When I was working out if ministry was the right thing, someone told me that ‘if I could do anything else, I should’. At the time, I thought this was a strange. I had not long finished university and could have pursued any number of options.
So I started my ministerial training and went forward for ordination. An odd process where you spend half a day with a room full of people trying to convince them that you should be a minister. I got turned down. I was told I clearly had a call to ministry but they weren’t sure if it was as a Baptist. I continued my training and had to endure those who questioned my ability, my right and my call because I was a woman. Perhaps I had a ‘similar but different’ call to the men who attended the college. Had I really ‘heard God’? I am skilled, I have a critical mind, I am perceptive, I think outside the box and I’m good at what I do but that didn’t matter. I would think back to the words ‘if you can do anything else, you should’. I couldn’t do anything else. I had to do ministry. To pretend I could do any other job wouldn’t work, I had tried other things. It wasn’t that I was incapable of doing anything else, it was just this innate sense that I had to do this.
3 years passed and those who held the ‘gate keys’ to ordination changed and a more open team was built. I went back through the system and was accepted; the doors opened. I had made it. I was affirmed, called and others thought so too.
Luke also went through this process alongside me. He was questioned, scrutinised and told no. He studied and continued knowing God was calling him to ministry but the doors were not opened. This is not okay. What happens when we are not able to live the way God made us to live?
One of the earlier posts on this site talked about the call to singleness and how only God can ask us to be celibate. It’s not something another human being can put on you. I wonder, if you can be called to singleness, can you be called to be in a relationship, to be married? What about when a relationship ends that deep down we thought was right? When an organisation tells you that you can’t be the thing you know God made you to be, does it mean that feeling will go away? What happens when our own fear or failure gets in the way? How do we live knowing we aren’t in the place, relationship, vocation that we were made for? I couldn’t do anything else but ministry. Being a minister is what I am supposed to be, but if those from my course had had their way, I would be barred because of something I had no control over.
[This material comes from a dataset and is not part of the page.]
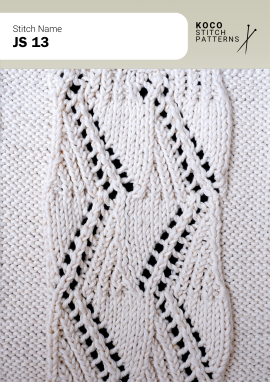 A central diamond cable and airy lace details create a balanced, dimensional handknit design Close-up of the JS 13 handknit stitch pattern in white yarn, showing a central diamond cable motif with eyelet lace and twisted cable borders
The Church looks at ordination, priesthood, the setting apart of individuals in an unhealthy way. We set it up on this pedestal. For some to be called is to lose their humanity, to be lacquered in a veneer of expectation and perfection that they can neither live up to nor escape from. There is a difference in esteem for those that are called and those that seem not to be called. There is an ‘us and them’ mentality. There is an inconsistency in what we call people to. We ask our leaders to hide their imperfections, to lie about their lives to maintain the illusion, and we open the doors to those who are ill equipped, who have swallowed the lie of what it is to be a minister. So when they hit the first hurdle, they crash into it because they thought this was a straight-forward running race. Yet, we bar the doors to those who consistently show that this is what they are supposed to do and ask them to live unfulfilled.
I sit in my manse thinking about what I would be if I weren’t here. I would be a bird, with her wings clipped unable to leave the branch. I wouldn’t be myself. And as we peer through the window from the outside to those who hold the keys, who maintain their right to decide who is in and who is out, all look suspiciously similar to each other, because apparently, some are more equal than others.